───── STORED DATA

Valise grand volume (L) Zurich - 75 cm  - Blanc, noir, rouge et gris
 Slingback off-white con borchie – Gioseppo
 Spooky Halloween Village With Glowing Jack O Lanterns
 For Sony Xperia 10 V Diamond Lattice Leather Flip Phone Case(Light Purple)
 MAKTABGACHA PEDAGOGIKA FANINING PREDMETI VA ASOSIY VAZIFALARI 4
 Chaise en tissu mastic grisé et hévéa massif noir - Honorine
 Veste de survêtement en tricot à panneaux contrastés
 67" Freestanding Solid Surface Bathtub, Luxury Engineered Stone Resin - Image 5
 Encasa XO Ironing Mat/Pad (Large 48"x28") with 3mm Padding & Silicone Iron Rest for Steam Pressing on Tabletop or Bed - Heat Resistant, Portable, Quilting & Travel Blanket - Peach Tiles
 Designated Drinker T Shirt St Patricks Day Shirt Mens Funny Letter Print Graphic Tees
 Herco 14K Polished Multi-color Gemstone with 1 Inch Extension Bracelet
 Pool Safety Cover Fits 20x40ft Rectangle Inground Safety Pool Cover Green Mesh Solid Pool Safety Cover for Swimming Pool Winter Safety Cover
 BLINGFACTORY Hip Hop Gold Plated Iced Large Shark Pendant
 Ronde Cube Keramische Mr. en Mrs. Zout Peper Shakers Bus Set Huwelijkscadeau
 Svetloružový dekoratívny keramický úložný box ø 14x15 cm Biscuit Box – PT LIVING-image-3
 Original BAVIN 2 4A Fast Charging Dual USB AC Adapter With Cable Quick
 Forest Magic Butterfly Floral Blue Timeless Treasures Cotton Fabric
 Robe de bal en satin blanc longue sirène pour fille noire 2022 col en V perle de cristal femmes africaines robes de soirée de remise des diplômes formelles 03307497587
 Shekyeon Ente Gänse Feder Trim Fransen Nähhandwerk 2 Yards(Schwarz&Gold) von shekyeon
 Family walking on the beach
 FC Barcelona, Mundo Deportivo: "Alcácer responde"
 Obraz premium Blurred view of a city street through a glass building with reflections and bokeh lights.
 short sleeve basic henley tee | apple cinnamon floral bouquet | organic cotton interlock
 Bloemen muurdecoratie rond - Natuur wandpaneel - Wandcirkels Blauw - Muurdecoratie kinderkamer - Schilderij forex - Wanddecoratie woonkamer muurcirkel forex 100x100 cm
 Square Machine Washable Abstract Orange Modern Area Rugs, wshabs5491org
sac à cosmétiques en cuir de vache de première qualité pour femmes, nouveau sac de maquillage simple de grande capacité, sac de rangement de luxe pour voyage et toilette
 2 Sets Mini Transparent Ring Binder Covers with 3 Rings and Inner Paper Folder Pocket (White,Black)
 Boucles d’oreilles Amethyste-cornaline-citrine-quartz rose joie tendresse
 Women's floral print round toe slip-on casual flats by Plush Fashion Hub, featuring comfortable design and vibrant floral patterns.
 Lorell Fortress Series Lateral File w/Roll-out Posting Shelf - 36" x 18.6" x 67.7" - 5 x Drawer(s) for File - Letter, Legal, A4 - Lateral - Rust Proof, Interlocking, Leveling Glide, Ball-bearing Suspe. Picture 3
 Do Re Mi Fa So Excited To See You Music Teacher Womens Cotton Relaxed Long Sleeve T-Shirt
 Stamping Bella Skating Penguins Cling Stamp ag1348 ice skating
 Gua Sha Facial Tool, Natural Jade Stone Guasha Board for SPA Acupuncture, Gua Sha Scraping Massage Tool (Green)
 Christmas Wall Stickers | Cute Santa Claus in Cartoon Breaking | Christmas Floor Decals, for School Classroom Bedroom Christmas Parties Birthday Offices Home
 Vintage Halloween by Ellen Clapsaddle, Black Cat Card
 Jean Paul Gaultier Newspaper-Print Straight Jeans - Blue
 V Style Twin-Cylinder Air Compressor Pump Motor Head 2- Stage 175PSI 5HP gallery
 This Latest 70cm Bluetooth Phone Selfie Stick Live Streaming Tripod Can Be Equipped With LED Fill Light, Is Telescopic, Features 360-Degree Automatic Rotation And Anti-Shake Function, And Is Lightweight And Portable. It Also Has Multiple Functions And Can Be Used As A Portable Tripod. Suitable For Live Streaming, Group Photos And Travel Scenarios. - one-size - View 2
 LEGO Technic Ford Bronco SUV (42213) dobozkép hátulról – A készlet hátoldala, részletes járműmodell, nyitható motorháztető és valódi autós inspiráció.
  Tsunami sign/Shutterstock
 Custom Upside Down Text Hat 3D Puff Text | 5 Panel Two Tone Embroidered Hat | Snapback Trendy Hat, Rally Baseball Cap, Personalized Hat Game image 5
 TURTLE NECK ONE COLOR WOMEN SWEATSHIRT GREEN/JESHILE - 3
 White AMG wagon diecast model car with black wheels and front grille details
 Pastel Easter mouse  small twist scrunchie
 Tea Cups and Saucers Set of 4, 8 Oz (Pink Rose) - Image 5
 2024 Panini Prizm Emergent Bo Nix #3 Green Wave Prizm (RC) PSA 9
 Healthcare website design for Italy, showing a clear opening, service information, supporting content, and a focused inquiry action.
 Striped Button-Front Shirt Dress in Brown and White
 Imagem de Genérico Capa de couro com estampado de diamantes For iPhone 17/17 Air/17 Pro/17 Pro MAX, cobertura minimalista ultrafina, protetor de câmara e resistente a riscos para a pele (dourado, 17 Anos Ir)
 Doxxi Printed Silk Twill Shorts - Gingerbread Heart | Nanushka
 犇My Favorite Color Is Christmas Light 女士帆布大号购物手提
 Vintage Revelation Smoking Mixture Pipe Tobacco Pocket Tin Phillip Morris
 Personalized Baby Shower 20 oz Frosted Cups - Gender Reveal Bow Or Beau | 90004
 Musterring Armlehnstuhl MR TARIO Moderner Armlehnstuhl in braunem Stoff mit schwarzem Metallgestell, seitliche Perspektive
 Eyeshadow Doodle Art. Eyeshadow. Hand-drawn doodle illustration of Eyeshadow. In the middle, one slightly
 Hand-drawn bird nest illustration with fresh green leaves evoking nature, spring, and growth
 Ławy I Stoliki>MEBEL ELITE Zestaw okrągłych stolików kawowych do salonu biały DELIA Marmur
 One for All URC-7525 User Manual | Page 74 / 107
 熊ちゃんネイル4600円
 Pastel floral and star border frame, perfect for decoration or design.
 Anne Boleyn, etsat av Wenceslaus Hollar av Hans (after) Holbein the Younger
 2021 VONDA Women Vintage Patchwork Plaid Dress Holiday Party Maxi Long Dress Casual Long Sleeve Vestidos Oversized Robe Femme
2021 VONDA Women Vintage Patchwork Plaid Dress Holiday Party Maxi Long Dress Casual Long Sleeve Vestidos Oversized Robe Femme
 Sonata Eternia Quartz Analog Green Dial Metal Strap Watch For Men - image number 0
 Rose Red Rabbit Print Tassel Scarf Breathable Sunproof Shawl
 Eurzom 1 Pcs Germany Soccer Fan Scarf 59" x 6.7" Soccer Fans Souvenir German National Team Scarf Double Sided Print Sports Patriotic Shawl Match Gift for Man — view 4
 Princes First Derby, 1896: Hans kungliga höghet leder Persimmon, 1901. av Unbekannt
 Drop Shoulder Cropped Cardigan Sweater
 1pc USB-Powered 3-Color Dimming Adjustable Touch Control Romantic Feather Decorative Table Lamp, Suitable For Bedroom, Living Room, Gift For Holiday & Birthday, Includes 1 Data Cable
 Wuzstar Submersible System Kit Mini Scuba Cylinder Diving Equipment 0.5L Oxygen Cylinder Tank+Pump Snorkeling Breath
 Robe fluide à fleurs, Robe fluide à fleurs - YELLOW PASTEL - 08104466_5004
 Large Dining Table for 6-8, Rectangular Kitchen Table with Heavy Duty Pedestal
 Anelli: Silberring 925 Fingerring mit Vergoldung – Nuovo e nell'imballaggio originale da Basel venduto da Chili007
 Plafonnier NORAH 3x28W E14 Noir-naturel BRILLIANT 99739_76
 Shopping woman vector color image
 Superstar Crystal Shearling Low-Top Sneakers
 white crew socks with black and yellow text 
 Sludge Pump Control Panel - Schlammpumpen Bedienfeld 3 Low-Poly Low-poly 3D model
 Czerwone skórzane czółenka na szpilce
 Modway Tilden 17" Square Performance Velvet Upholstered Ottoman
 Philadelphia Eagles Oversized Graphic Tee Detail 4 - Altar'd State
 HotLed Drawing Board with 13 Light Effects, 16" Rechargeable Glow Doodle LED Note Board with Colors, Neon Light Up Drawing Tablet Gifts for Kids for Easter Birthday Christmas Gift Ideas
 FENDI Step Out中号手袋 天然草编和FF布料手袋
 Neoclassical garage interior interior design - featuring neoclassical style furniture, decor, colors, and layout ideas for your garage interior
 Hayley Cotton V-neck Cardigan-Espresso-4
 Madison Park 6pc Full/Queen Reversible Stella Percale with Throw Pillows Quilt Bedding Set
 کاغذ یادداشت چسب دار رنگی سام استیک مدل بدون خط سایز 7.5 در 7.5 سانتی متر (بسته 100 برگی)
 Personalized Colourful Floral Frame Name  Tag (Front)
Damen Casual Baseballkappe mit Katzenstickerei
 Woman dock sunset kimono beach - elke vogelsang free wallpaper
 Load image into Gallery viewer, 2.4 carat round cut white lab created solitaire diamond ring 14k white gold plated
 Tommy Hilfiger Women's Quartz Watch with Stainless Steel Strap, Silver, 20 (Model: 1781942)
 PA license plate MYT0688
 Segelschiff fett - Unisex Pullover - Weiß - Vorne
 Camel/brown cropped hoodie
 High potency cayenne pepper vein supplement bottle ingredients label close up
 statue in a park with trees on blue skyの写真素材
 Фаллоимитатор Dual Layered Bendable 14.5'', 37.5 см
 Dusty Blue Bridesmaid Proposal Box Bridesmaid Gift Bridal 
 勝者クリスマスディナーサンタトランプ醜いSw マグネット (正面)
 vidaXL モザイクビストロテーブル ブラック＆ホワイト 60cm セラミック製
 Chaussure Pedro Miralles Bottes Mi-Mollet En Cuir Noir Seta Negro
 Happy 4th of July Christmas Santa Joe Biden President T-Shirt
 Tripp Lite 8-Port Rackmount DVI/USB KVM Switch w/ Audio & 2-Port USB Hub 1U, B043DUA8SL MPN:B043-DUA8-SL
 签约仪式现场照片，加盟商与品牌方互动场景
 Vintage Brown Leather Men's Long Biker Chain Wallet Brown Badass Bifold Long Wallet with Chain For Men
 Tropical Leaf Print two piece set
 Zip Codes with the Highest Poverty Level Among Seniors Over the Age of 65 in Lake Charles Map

──────────

→ WHAT IS NEEDED
Print, from the entries above, the line with "Healthcare website design", the line with "Anne Boleyn, etsat" and all lines between them, exactly and with nothing else.

→ ANSWER FOR THE TASK
 Healthcare website design for Italy, showing a clear opening, service information, supporting content, and a focused inquiry action.
 Striped Button-Front Shirt Dress in Brown and White
 Imagem de Genérico Capa de couro com estampado de diamantes For iPhone 17/17 Air/17 Pro/17 Pro MAX, cobertura minimalista ultrafina, protetor de câmara e resistente a riscos para a pele (dourado, 17 Anos Ir)
 Doxxi Printed Silk Twill Shorts - Gingerbread Heart | Nanushka
 犇My Favorite Color Is Christmas Light 女士帆布大号购物手提
 Vintage Revelation Smoking Mixture Pipe Tobacco Pocket Tin Phillip Morris
 Personalized Baby Shower 20 oz Frosted Cups - Gender Reveal Bow Or Beau | 90004
 Musterring Armlehnstuhl MR TARIO Moderner Armlehnstuhl in braunem Stoff mit schwarzem Metallgestell, seitliche Perspektive
 Eyeshadow Doodle Art. Eyeshadow. Hand-drawn doodle illustration of Eyeshadow. In the middle, one slightly
 Hand-drawn bird nest illustration with fresh green leaves evoking nature, spring, and growth
 Ławy I Stoliki>MEBEL ELITE Zestaw okrągłych stolików kawowych do salonu biały DELIA Marmur
 One for All URC-7525 User Manual | Page 74 / 107
 熊ちゃんネイル4600円
 Pastel floral and star border frame, perfect for decoration or design.
 Anne Boleyn, etsat av Wenceslaus Hollar av Hans (after) Holbein the Younger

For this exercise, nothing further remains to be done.